Strong cost pressures meant that firms operating in the Nigerian private sector remained under pressure in September. Although new order growth quickened, helping to support a renewed increase in business activity, rates of expansion in each were only modest. Input prices increased at one of the sharpest rates on record, largely due to exchange rate weakness and higher fuel costs.

The headline figure derived from the survey is the Stanbic IBTC Purchasing Managers’ Index™ (PMI®). Readings above 50.0 signal an improvement in business conditions on the previous month, while readings below 50.0 show a deterioration.

The headline PMI posted 51.1 in September, up from 50.2 in August but still only just above the 50.0 no-change mark. As such, the index signalled a slight monthly improvement in business conditions.

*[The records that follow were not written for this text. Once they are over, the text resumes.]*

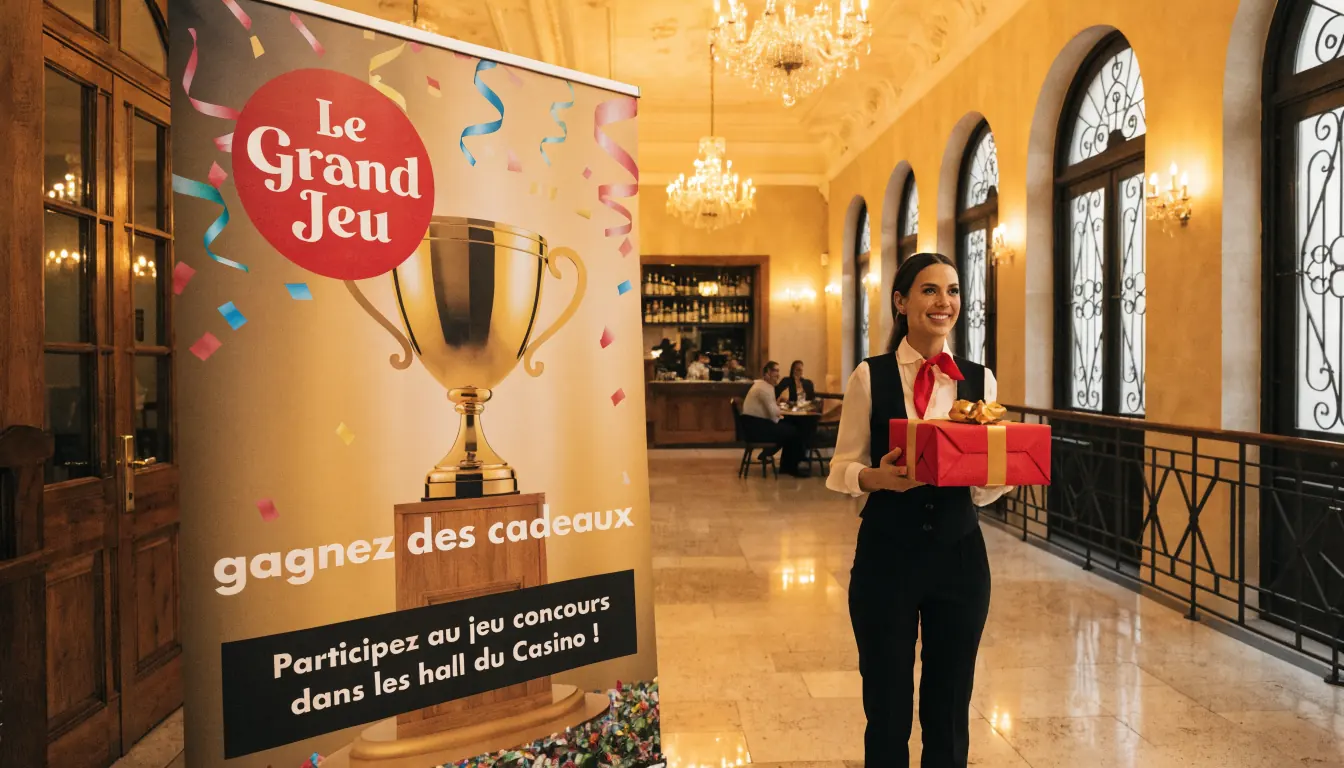 Bannière promotionnelle avec trophée doré et hôtesse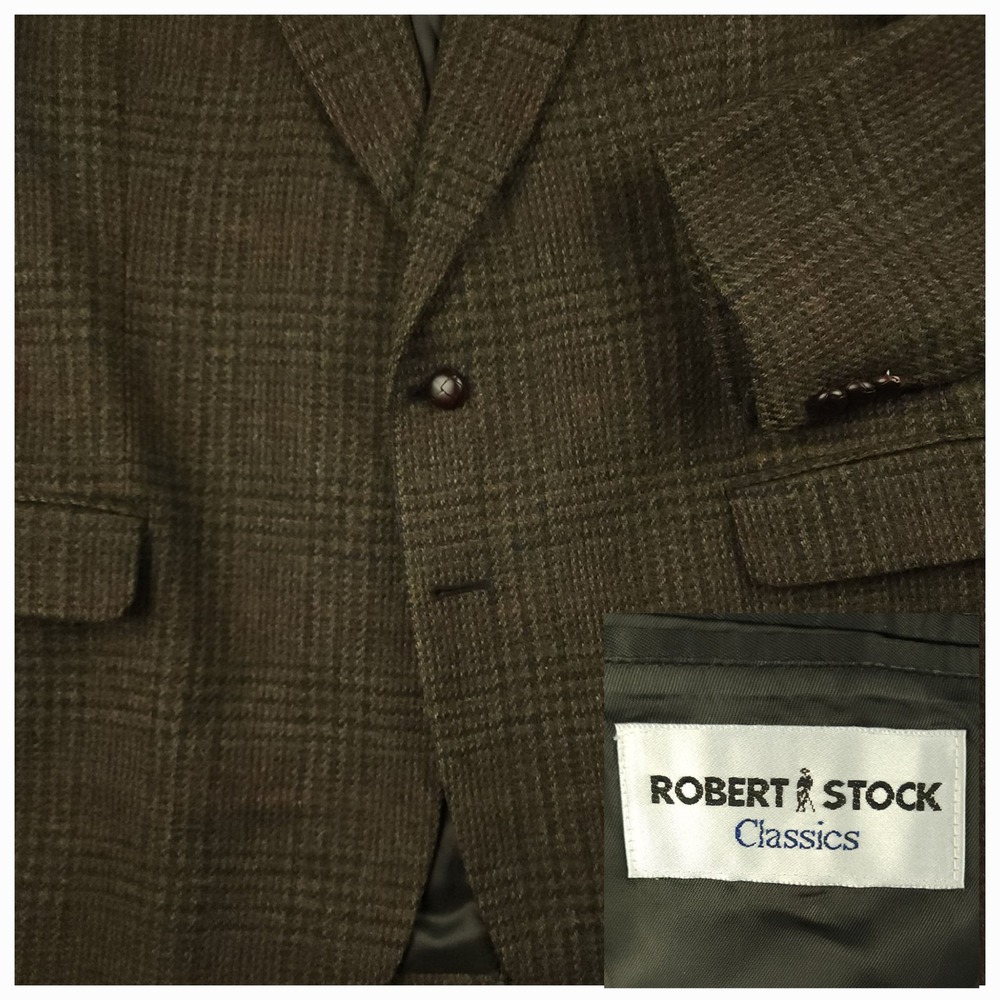 Vtg 90s Ivy Style Glen Check Plaid Mens Tweed Jacket 46R Wool Casual Sport Coat
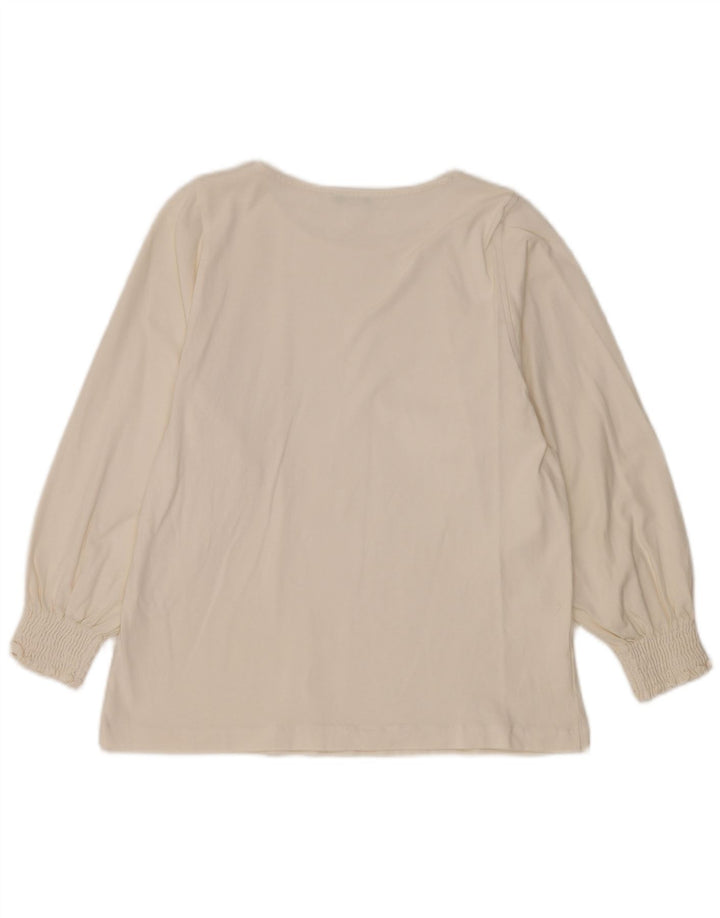 BENETTON Dame Langærmet Bluse Top UK 14 Medium Hvid Bomuld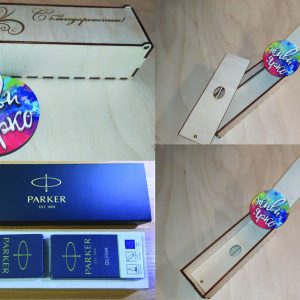 Макет лазерной резки подарочной коробочки для ручки и стержней с элегантным дизайном для праздников и особых случаев.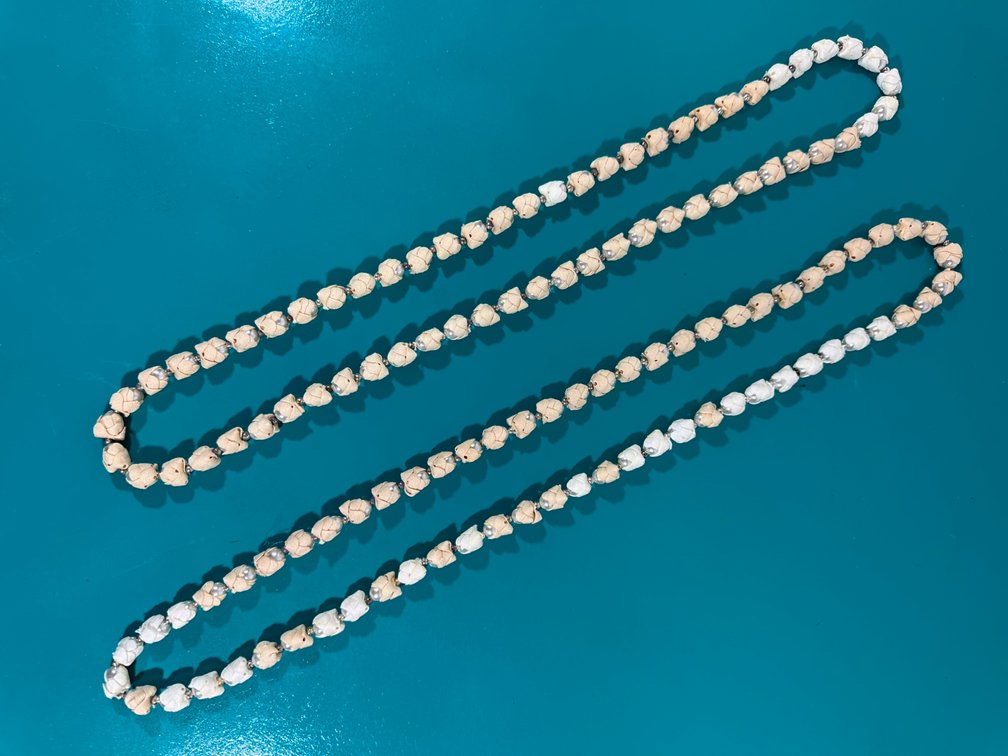 Vintage Rick Rack Pearl Leis - One White, One Light Pink, Circa 1965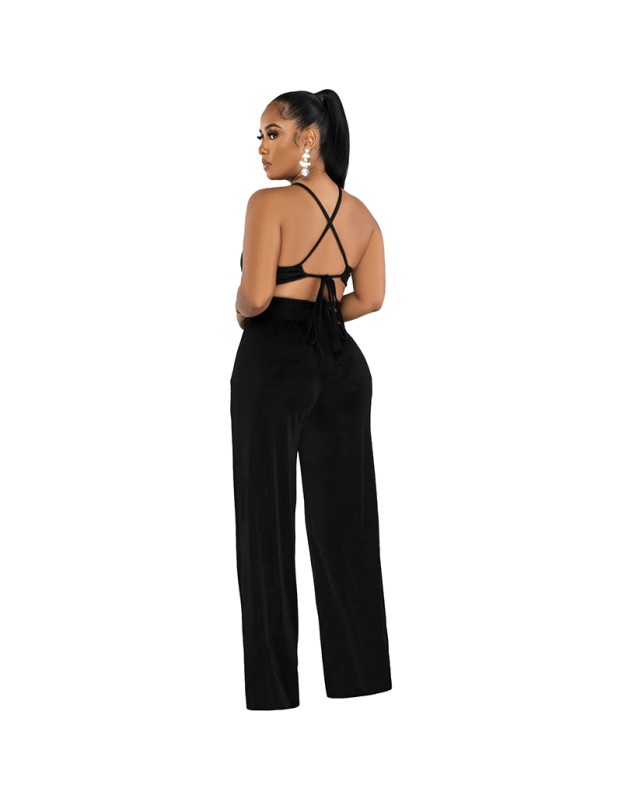 Women's Halter Cross-Strap Solid Color Wide-Leg Pants Two Piece Set 9428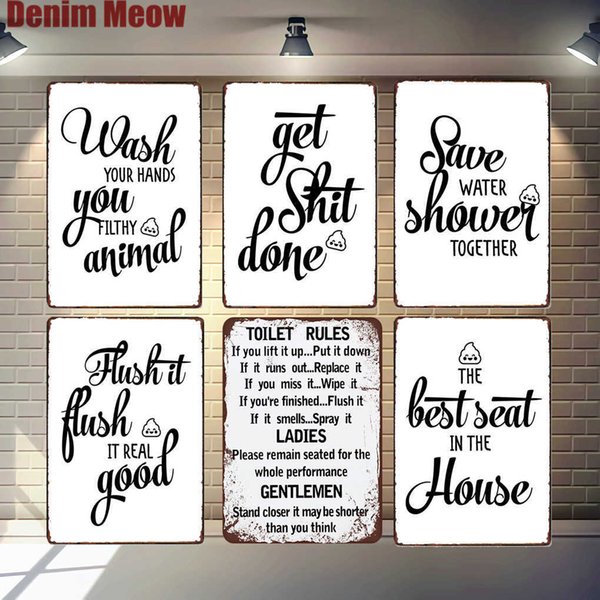 Toilet Rules Plaque Vintage Metal Tin Signs Home Bar Pub Decorative Plates Funny Words Wall Stickers Restroom Art Poster N329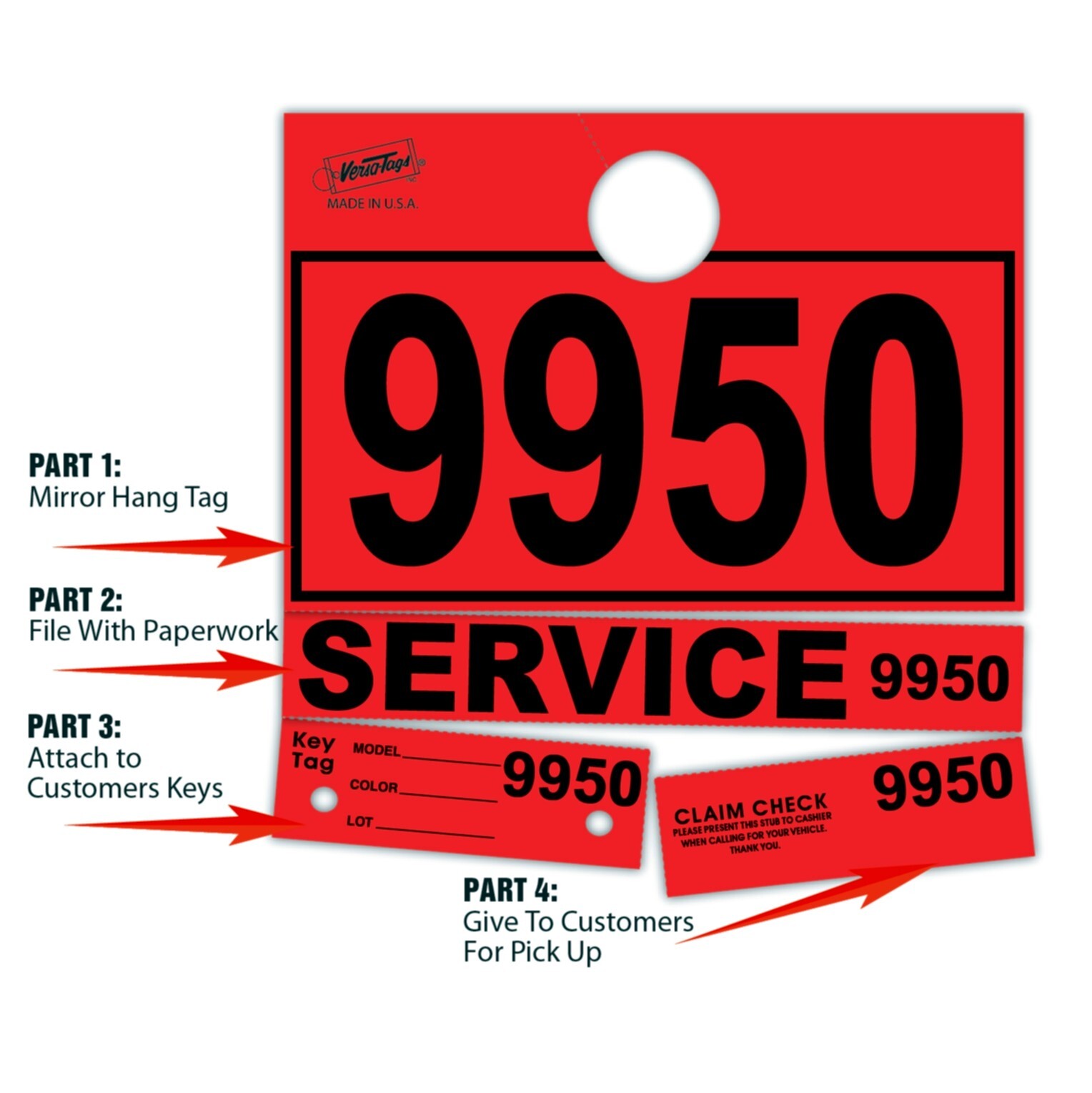 Red Service Department Hang Tags Window Tag 1000 Per Box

New orders increased for the sixth month running in September as some firms signalled an improvement in demand. While the rate of expansion quickened from that in August, it remained only modest as market conditions remained weak and customers were deterred by price hikes.

Output returned to growth, meanwhile, following a slight reduction in August. In a similar vein to new orders, however, the pace of increase was only modest amid widespread demand weakness. Three of the four monitored sectors saw output expand, the exception being manufacturing.

Sharp rises in prices were a key factor limiting demand in the private sector at the end of the third quarter. Overall input costs rose at a pace that was only marginally weaker than August’s survey record.

Purchase costs were up substantially, mainly due to exchange rate weakness and higher fuel costs. Meanwhile, efforts by companies to help their staff deal with higher transportation costs meant that wages were raised markedly. The rate of staff cost inflation was only marginally softer than the series record posted in August.

Sharp increases in purchase costs fed through to a further steep rate of selling price inflation, despite the latest rise being the weakest since May.

Employment increased for the fifth successive month in September, albeit only slightly. Firms also expanded their purchasing activity, but the rate of growth eased to the weakest in six months. This was also the case with regards to stocks of purchases.

Suppliers’ delivery times shortened amid competition among vendors, prompt payments and quiet traffic conditions.

Confidence in the year-ahead outlook for output was unchanged in September, thereby remaining among the weakest on record. Those companies that predicted a rise in activity linked this to plans to take on extra staff to help with business expansions.